Develop HPLC Assay & Impurities Methods For a Prostacyclin Derivative
Challenge: The prostacyclin derivative is a starting material in the manufacturing of a tricyclic benzidene prostacyclin analog with pharmacologic actions similar to those of Epoprostenol. Epoprostenol improves exercise capacity and survival in patients with pulmonary arterial hypertension. The prostacyclin analog is also efficacious by subcutaneous infusion, it is easier to administer and has a longer half-life. Determination of this prostacyclin derivative and its impurities is central to developing a deep understanding of a commercial manufacturing process.
A primary goal in early-stage pharmaceutical development is to prudently establish a scaled-up synthesis process for making acceptable active pharmaceutical ingredient (API). In this regard, analytical impurities methods used for both in process and API release testing must rapidly evolve to account for the detection and quantification of all key impurities.

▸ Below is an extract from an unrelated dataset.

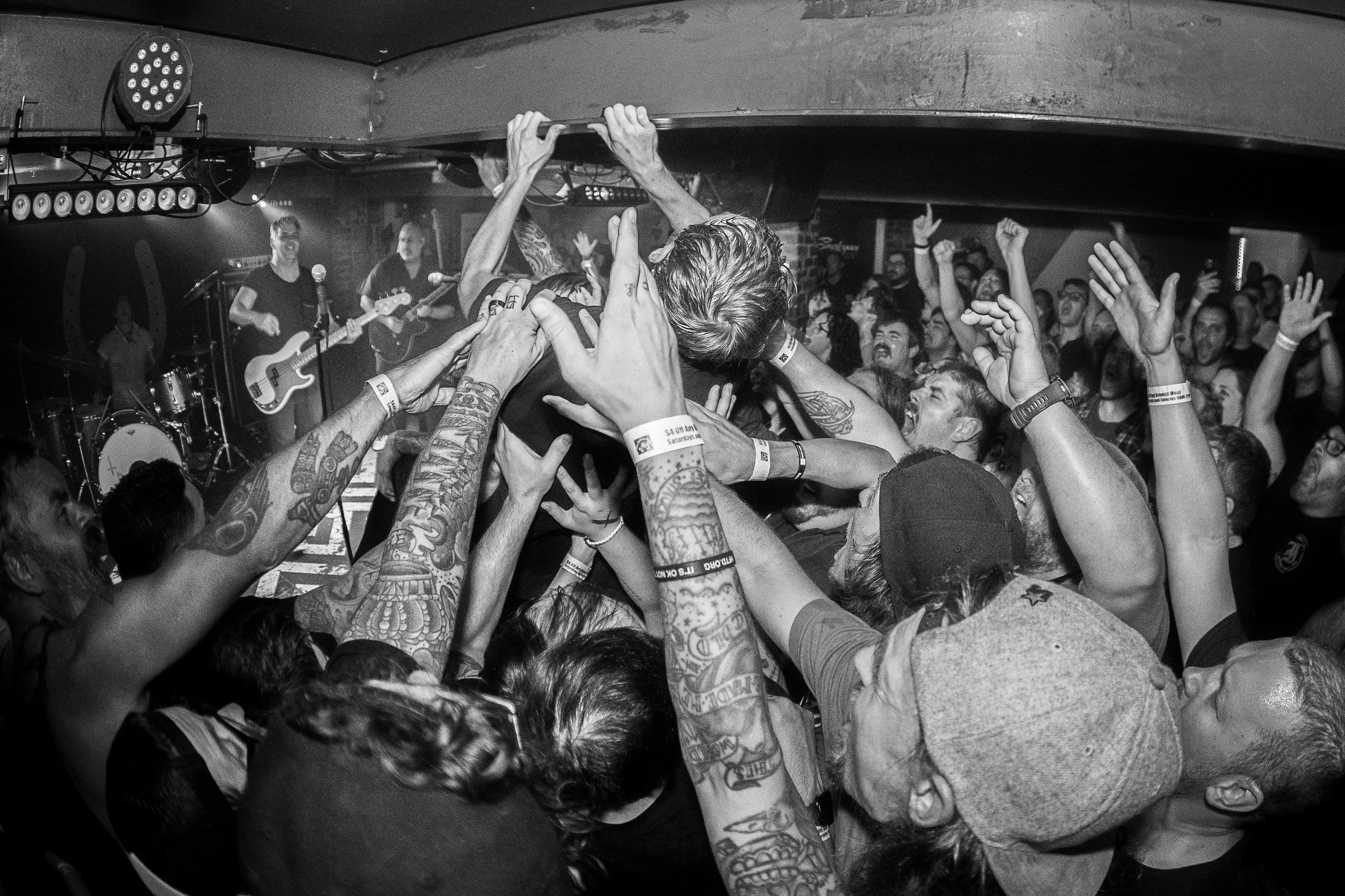 Crowd of people at a concert, crowd surfing and raising hands, band playing on stage in background, black and white photo.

Tracking impurities in this drug product manufacturing process is very challenging due to the API's complex structure, including several stereogenic centers. The synthesis process also introduces a number of process-related impurities including this derivative and others resulting from side-product formation inherent in the highly reactive intermediate required for the transformation of the intermediate material to drug product. The process-related impurity profiles and API impurity profiles can be complex, with impurities that are difficult to distinguish from each other.
Furthermore, each drug product-related compound can have a complimentary equilibrium isomer created from low-level thermodynamic ratio under reverse phase chromatographic conditions. The prostacyclin derivative and drug product moiety absorbs at UV lambda max 275-280nm, but it was determined that several important degradation impurities were not detected at this wavelength.
With the range and complex nature of the analyte and its impurities (crude reaction mixture from the downstream purification process), development of a single suitable method to comprehensively profile all impurities was not realistic.
Solution: In this project, ways to create a comprehensive process tracking approach that could be achieved by developing a combination of complimentary HPLC-UV and HPLC-MS/MS methods were researched. Strategies included the use of combined analytical tools to achieve the best possible separation of all process impurities, including reactive intermediates and isomers. The resultant studies led to better analytical controls coupled with optimized reaction and purification procedures, providing for more efficient production of the drug product.
Efforts to address these challenges, included the development of a stability indicating HPLC-UV method for the prostacyclin derivativel and related impurity profile studies; an HPLC-MS/MS method for stereoisomer control and targeted reaction monitoring of aqueous-sensitive process impurities; and an HPLC-PDA impurity method for studies of the complicated reaction mixes. Method conditions and example studies involving tracking of key process impurities and their identification were confirmed by NMR.
A reverse-phase HPLC-PDA-MS/MS method was developed and used as the primary procedure for total impurity analyses in the API and raw materials. It was also used as a stability-indicating method that separates most general impurities. However, historically, the separation of closely related isomeric mixtures often requires normal phase HPLC rather than reverse-phase HPLC due to the differences in aligning their polar function groups with adsorption sites. With the range and complex nature of the analyte and its impurities from a crude reaction mixture through the downstream purification process, development of a single suitable method to comprehensively profile all impurities was not realistic.
Since the tracking and mapping of impurities was essential for comprehensive understanding of each impurity's fate including reactive species, a normal phase HPLC-PDA method was selected as an additional research methodology. The second method was used as a screening method and a targeted method that separated isomers of repacking and epimers of the prostacyclin derivative.
Finally, a third method developed that was a reverse-phase HPLC-UV method was used for analysis of highly polar impurities from the crude reaction mixture. All three methods were verified, were capable of MS detection of the process to distinguish and track known and unknown impurities and used for mapping all key process impurities.
Result: Through these efforts, the developed methods assisted the sponsor to significantly understand the synthesis process dynamics with correlation to the API impurity profile and assisted them to further develop this product.